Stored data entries
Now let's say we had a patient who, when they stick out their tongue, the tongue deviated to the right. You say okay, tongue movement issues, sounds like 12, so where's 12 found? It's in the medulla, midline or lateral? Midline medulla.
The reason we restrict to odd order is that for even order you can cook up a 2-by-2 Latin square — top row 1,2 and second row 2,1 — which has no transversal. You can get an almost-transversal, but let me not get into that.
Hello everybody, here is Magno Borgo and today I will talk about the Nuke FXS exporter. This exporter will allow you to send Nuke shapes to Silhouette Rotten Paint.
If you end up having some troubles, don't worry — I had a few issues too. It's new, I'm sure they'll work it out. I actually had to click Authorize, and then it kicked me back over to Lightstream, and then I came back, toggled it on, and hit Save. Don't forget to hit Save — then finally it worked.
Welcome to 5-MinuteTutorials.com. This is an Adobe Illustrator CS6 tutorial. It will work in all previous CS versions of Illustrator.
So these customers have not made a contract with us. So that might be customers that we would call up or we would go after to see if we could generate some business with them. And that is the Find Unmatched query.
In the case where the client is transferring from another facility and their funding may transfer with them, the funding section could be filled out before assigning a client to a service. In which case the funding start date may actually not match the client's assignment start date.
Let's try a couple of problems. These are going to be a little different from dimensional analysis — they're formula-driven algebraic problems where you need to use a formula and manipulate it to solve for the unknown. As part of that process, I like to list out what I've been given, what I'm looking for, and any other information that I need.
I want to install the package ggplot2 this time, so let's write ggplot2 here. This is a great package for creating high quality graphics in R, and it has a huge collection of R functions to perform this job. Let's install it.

==

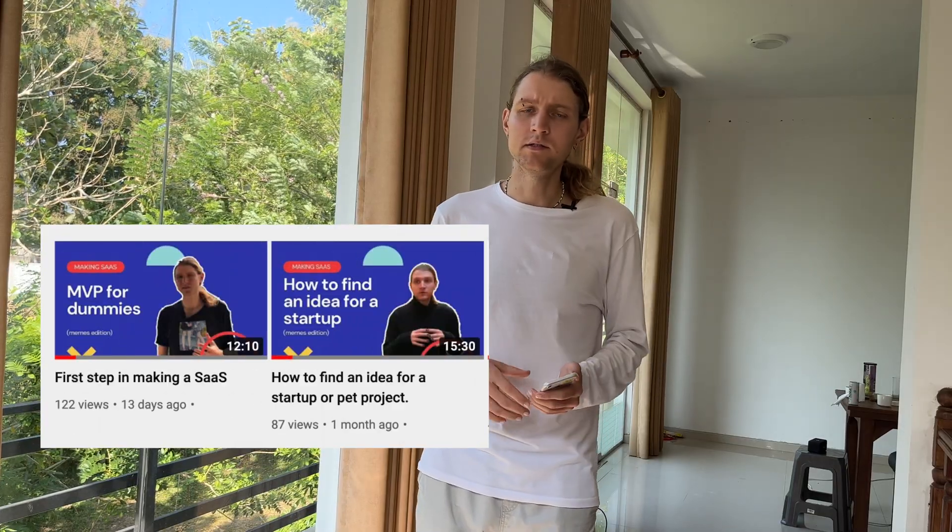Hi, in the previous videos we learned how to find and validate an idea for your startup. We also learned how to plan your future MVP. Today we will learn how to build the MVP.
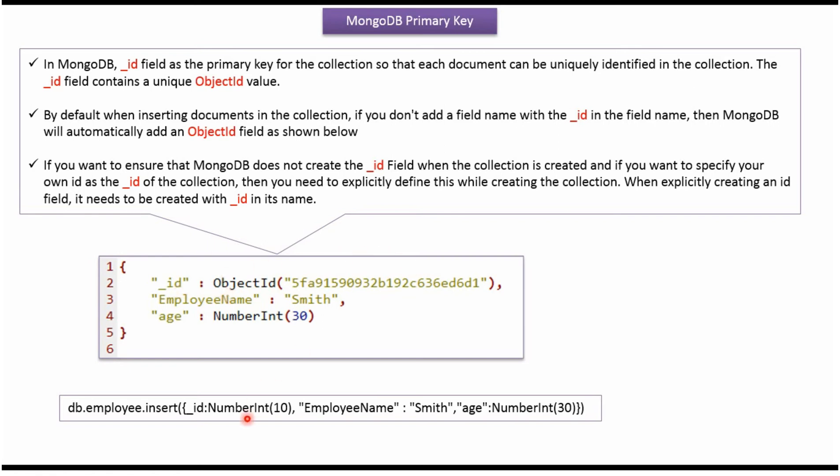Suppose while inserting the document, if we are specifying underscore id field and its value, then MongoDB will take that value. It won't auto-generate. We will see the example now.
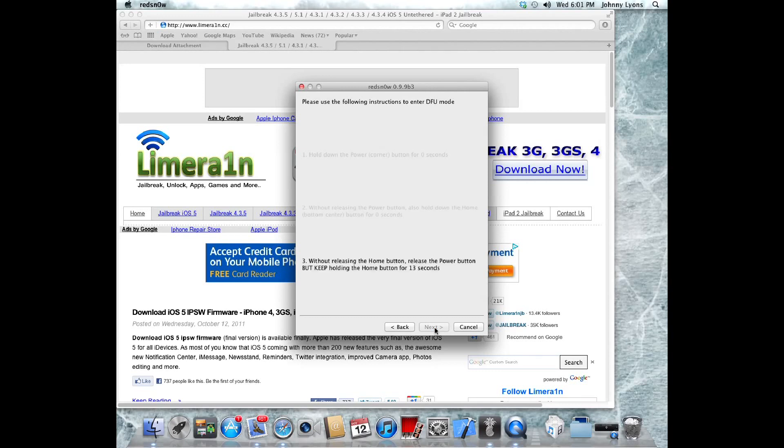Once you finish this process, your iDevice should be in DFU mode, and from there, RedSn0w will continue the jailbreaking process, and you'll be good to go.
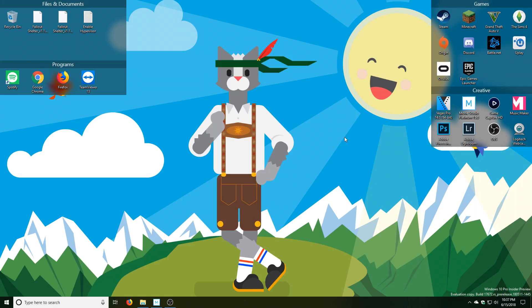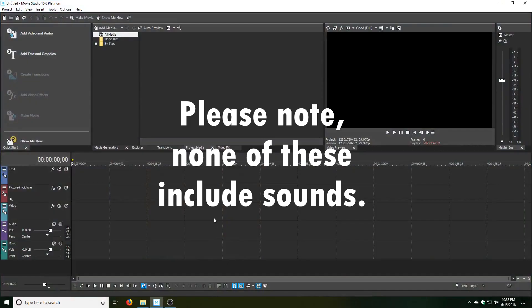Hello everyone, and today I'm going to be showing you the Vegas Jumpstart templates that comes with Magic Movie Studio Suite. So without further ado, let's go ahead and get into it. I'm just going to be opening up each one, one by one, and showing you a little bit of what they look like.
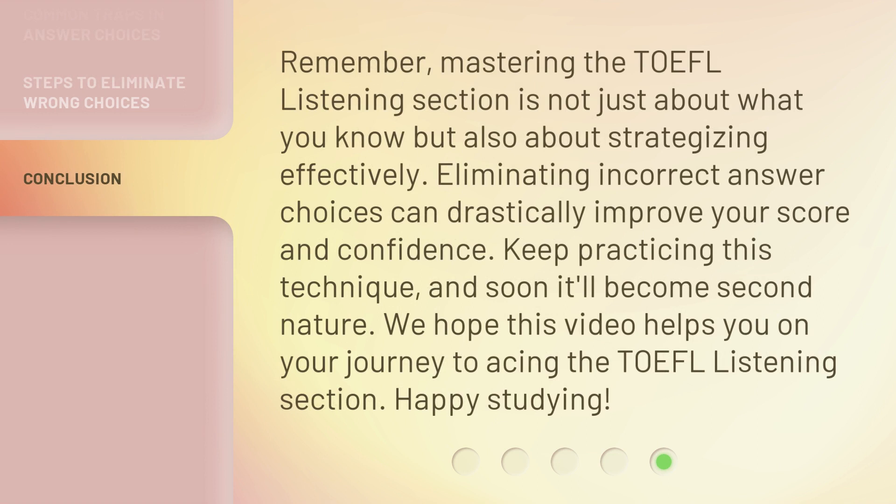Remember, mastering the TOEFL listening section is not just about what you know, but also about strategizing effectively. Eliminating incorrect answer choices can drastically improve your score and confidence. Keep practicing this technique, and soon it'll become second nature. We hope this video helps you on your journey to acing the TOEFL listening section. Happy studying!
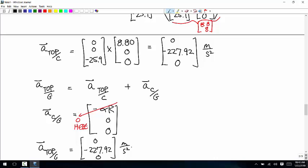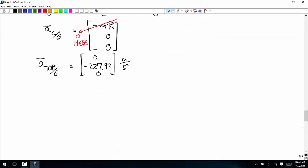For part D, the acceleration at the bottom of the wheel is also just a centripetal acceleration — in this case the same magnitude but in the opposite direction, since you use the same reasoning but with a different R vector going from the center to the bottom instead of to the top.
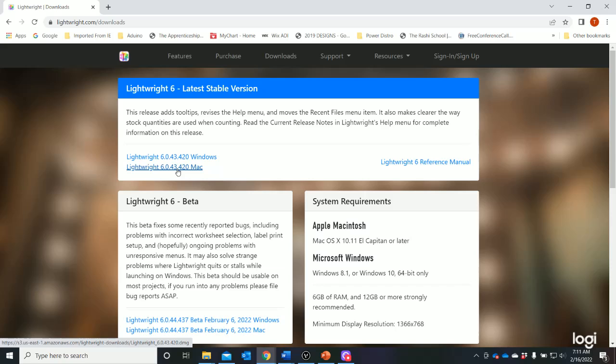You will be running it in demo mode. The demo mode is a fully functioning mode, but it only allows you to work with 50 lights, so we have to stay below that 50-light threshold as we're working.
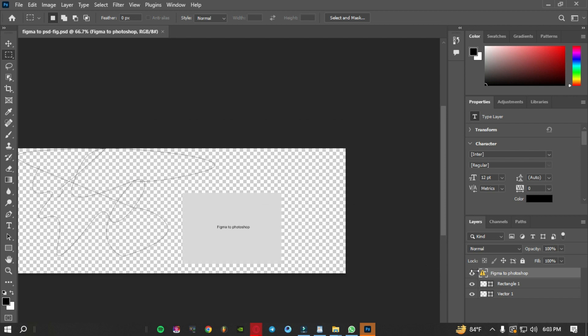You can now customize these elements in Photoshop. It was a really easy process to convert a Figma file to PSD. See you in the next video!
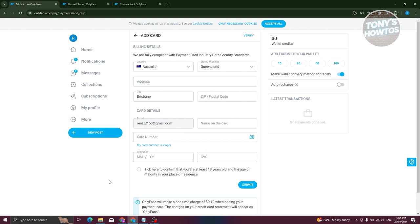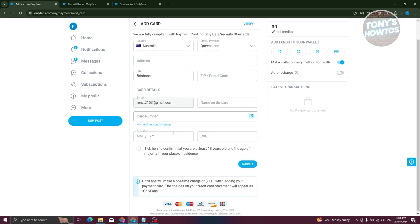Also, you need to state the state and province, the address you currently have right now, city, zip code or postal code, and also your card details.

--

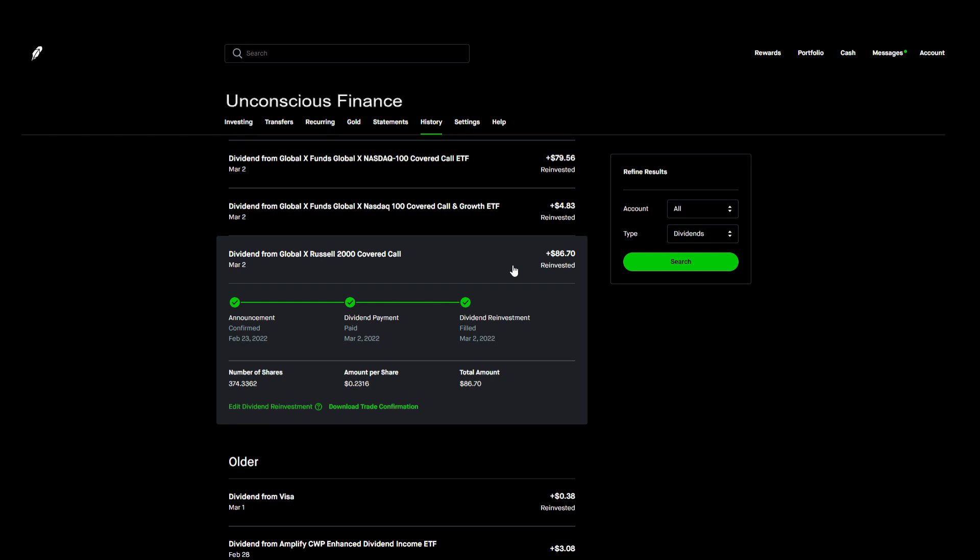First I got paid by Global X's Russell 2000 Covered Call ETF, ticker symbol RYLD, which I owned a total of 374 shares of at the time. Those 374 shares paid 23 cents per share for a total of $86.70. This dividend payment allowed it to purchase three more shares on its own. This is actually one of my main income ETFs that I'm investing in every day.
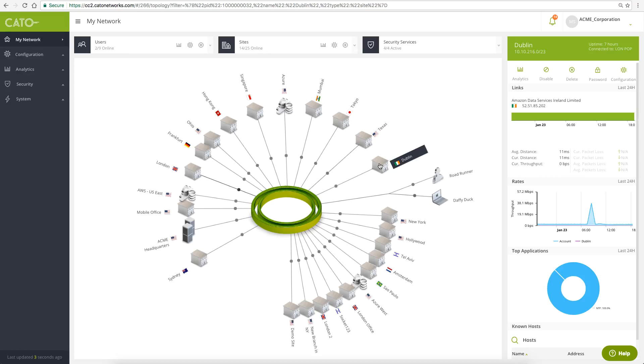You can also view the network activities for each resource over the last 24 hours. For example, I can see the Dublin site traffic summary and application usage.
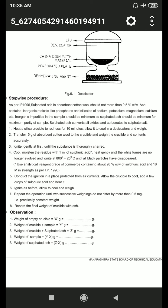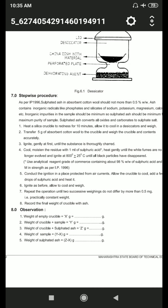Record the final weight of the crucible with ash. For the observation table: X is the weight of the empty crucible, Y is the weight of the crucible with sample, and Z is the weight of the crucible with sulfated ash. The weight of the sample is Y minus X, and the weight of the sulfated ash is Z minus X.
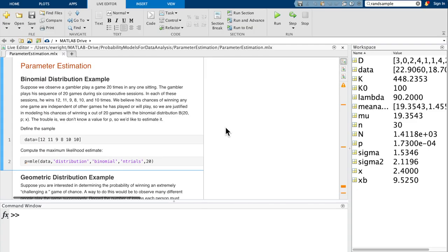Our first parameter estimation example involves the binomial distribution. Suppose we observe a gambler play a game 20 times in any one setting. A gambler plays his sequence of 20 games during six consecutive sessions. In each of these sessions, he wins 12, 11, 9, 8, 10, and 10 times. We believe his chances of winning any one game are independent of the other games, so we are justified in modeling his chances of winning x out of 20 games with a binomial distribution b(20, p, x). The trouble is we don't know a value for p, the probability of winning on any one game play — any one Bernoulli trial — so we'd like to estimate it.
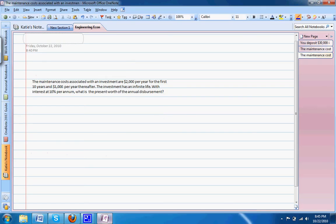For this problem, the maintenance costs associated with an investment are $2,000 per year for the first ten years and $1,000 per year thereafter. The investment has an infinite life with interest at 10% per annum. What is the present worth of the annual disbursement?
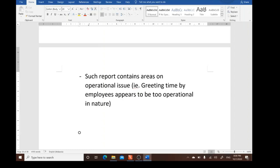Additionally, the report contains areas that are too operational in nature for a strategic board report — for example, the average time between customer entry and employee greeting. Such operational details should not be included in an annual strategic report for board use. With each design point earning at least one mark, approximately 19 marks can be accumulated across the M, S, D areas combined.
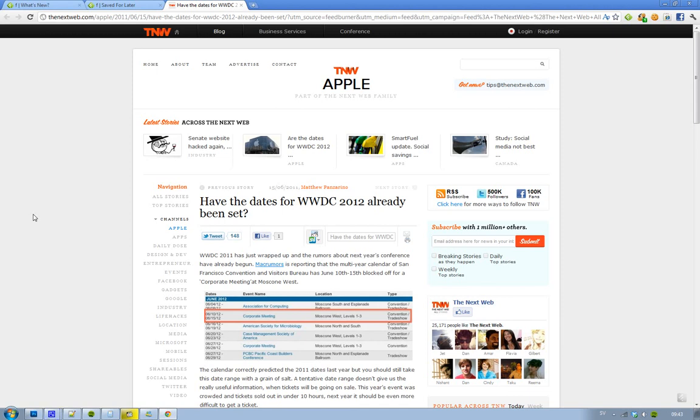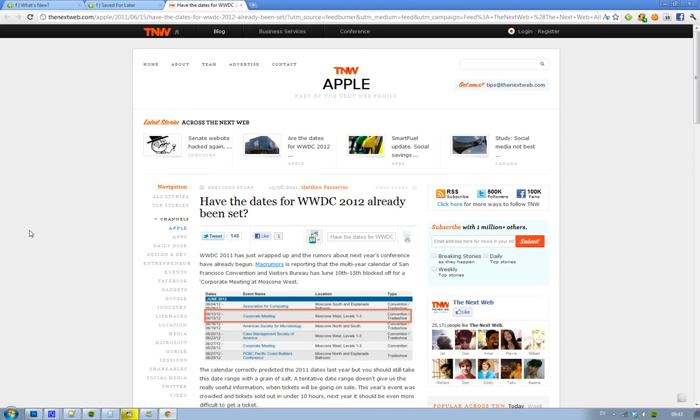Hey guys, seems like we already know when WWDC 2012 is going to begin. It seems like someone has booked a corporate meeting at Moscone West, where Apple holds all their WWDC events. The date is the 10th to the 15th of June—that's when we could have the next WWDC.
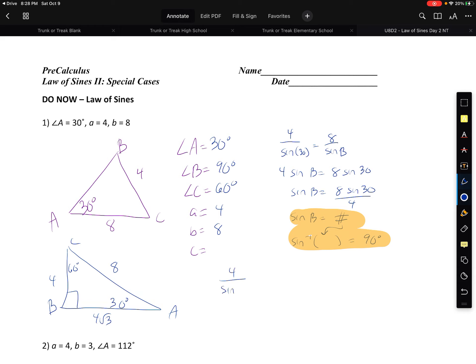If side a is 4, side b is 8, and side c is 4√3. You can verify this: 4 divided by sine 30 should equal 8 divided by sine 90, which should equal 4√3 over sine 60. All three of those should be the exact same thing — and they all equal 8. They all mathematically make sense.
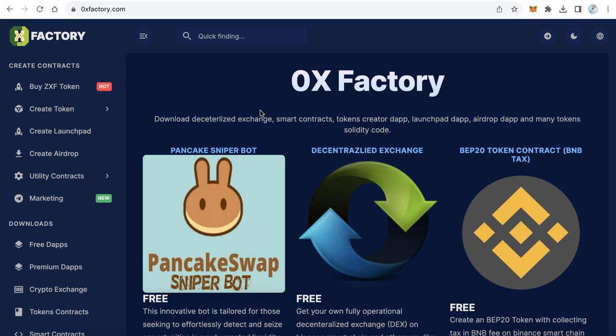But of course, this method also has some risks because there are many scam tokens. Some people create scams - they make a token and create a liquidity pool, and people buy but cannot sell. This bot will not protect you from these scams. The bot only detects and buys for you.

- _Exercise instructions_: The lines to copy exactly start with the line above that has "Record the final" and go on through the line that has "For this problem, the"; please include both, add nothing else, and omit the pictures.

- _Response_:
Record the final weight of the crucible with ash. For the observation table: X is the weight of the empty crucible, Y is the weight of the crucible with sample, and Z is the weight of the crucible with sulfated ash. The weight of the sample is Y minus X, and the weight of the sulfated ash is Z minus X.
Our first parameter estimation example involves the binomial distribution. Suppose we observe a gambler play a game 20 times in any one setting. A gambler plays his sequence of 20 games during six consecutive sessions. In each of these sessions, he wins 12, 11, 9, 8, 10, and 10 times. We believe his chances of winning any one game are independent of the other games, so we are justified in modeling his chances of winning x out of 20 games with a binomial distribution b(20, p, x). The trouble is we don't know a value for p, the probability of winning on any one game play — any one Bernoulli trial — so we'd like to estimate it.
For this problem, the maintenance costs associated with an investment are $2,000 per year for the first ten years and $1,000 per year thereafter. The investment has an infinite life with interest at 10% per annum. What is the present worth of the annual disbursement?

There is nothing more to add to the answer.